Work required - Nothing but the lines below between the line holding "Imagem 6: QUER" and the line holding "622 Scottsvale Dr, Rolla, MO", inclusive, should appear in the answer, each set down exactly.

Material to process -
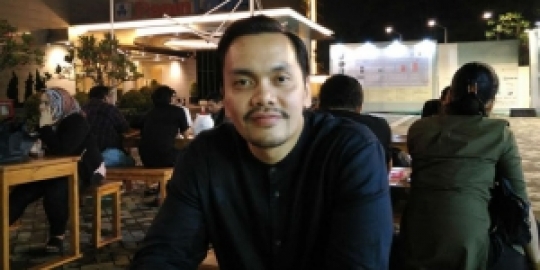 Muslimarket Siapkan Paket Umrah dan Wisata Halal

--

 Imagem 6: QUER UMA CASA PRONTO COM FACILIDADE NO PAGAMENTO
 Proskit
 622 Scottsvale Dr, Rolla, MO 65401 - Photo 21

---

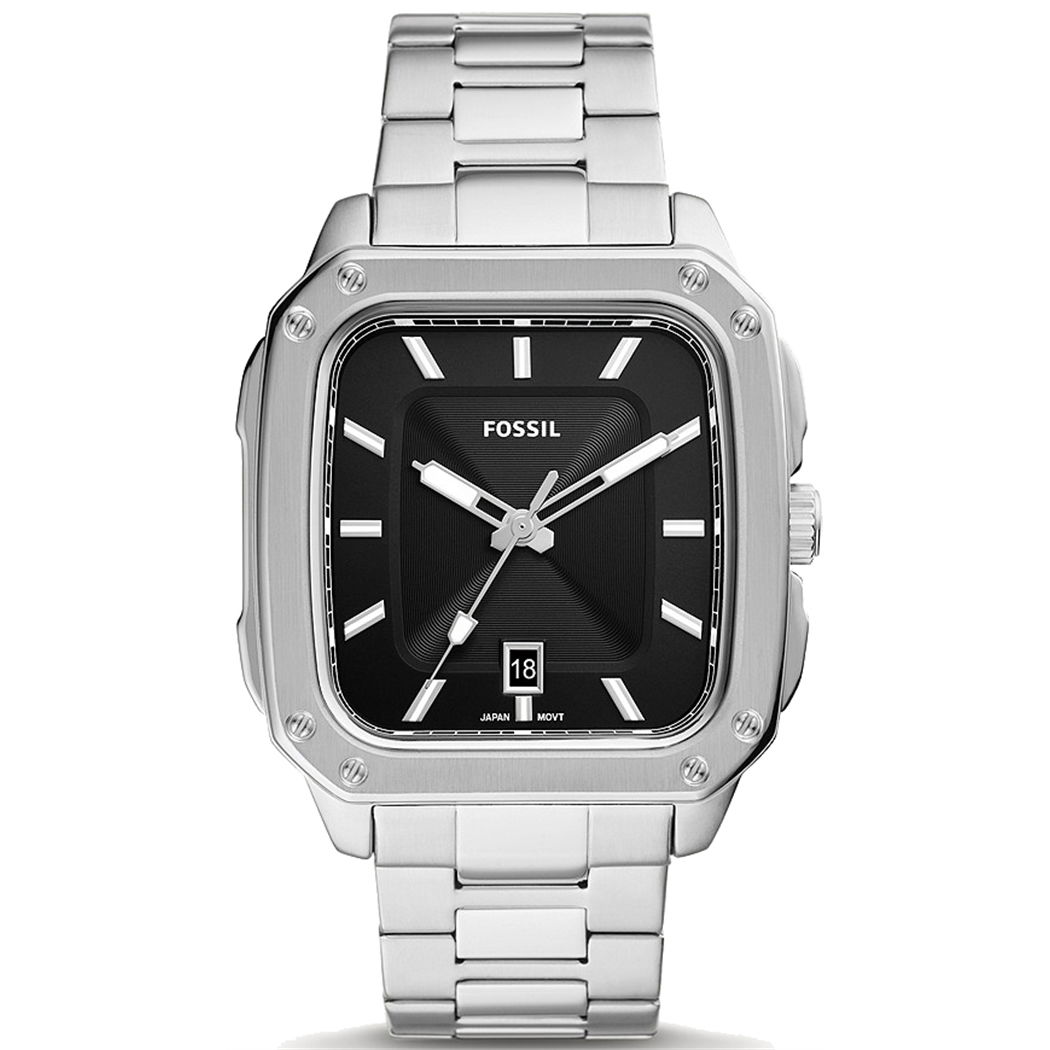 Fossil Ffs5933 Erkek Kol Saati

Reply -
 Imagem 6: QUER UMA CASA PRONTO COM FACILIDADE NO PAGAMENTO
 Proskit
 622 Scottsvale Dr, Rolla, MO 65401 - Photo 21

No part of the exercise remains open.